Carlos.- El mismo. ¡Dios mío, qué cosas tiene la vida!.

Mister Wood.- ¡Debí adivinarlo antes!. ¡Los gestos de su cara al escuchar el relato!... Carlos, todos los músculos de su rostro acusaban el efecto de mis palabras. Es monstruoso afligirse con tan tristes recuerdos. Perdóneme usted, pero también mi alma, evocando esta emocionante historia, se contrae siempre dolorosamente. Hoy, un fondo de alegría se instala sobre la aversión que me inspira el recuerdo de aquellos duros momentos, y es, amigo Carlos, haber tenido la dicha de encontrar al querido hijo de aquella buena mujer, aquella santa mujer, que se vio condenada por mi culpa a sufrir amarguras y tormentos, a una vida de angustia que...

Carlos.- Por favor, mister Wood, no continúe usted. El terrible espectáculo de la muerte de mi padre, de su fusilamiento por acoger en su casa a un soldado americano, ha sido tan horrible para mí, que una parte de mi vida transcurrió al margen de mi conciencia, con pérdida de la voluntad, convertido en fugitivo del propio destino. Después Julia y ese diablillo, que tanto nos preocupó, han transformado en luz la oscuridad de mi existencia. Pero me mortifica todo lo que sea revivir aquel odioso pasado y, sin embargo, ¡cómo agradezco sus cariñosas palabras!. (Se sienten voces próximas) No hablemos más de ello... Alguien se acerca. 

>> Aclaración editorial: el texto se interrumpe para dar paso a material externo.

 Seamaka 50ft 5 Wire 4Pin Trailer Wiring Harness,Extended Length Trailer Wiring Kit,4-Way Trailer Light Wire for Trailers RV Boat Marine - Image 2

(Entran don Gregorio, Julia y doña Carmen)

Escena  15ª

Julia.- Carlos, el niño sigue bien. Ya nos conoce y se sonríe. Es encantador observar con qué rapidez se recupera. ¡Que Dios bendiga a mister Wood que tanta alegría nos proporciona!. Hemos contraído con usted una deuda de gratitud eterna.

Mister Wood.- Una ligera aportación, Julia, en el "haber" de una cuenta que tiene un "debe" que no se saldará jamás.

(Carlos y doña Carmen hablan aparte)

Julia.- No le comprendo.

Mister Wood.- Así es mejor. ¿Y don Gregorio, está satisfecho?.

Don Gregorio.- Creo que va siendo hora de que me sonría la suerte. Ya soy viejo para luchar.

Mister Wood.- ¡No tiene usted edad para expresarse así!

Don Gregorio.- Se siente uno joven o viejo según las circunstancias concurrentes en ciertos momentos de nuestra existencia. A veces, cuando llega lo bueno, lo más deseado, aquello que fue constante anhelo nuestro, llega a través de un camino tan áspero, tan lleno de obstáculos, que nos falta la vitalidad precisa para celebrarlo con la alegría que tal felicidad demanda. Dice un antiguo proverbio. "Cuando la casa está terminada, llega la muerte".

Julia.- ¡La muerte!... No diga usted cosas tristes, padrino.

Don Gregorio.- Si no es la muerte es algo que nos acerca a ella. La caída ineludible..., el agotamiento..., el principio del fin.

Doña Carmen.- ¡Qué atrocidad!, don Gregorio. ¡No hable de eso!. Debemos estar contentos. ¡Todo saldrá bien con la ayuda de Dios!. A comer, que la mesa está dispuesta.

Don Gregorio.- Lo que usted quiera, doña Carmen.

Julia.- Sí, vamos mister Wood, hoy nos honrará sentándose a la mesa con nosotros.

Mister Wood.- Muchas gracias. El honor es para mí.

(Entra Armando)

Escena  16ª

Carlos.- Aquí llega Armando. ¿Dónde estuviste, simpático primo?.

Armando.- Corriendo una aventura muy peligrosa. Creí que también era yo encerrado. ¡Qué apuros pasé! ¡No sé que las doy que las pongo más locas...! Os lo contaré durante la comida y os vais a reír un rato. ¡Qué condenada! ¡Me presentó al Director como un paciente!.

Don Gregorio.- Cuestión de faldas, seguramente. ¡Alguna nueva conquista!

Julia.- No lo dudo, pero Armando es de los que no se enamoran.

Armando.- Tiene mucha razón Julia. ¡Jamás estuve enamorado!. (Salen todos menos Armando que se queda retrasado y dice, hablando consigo mismo)  ¡Nunca lo sabrás, querida prima!... ¡Una sola vez..., una sola vez!.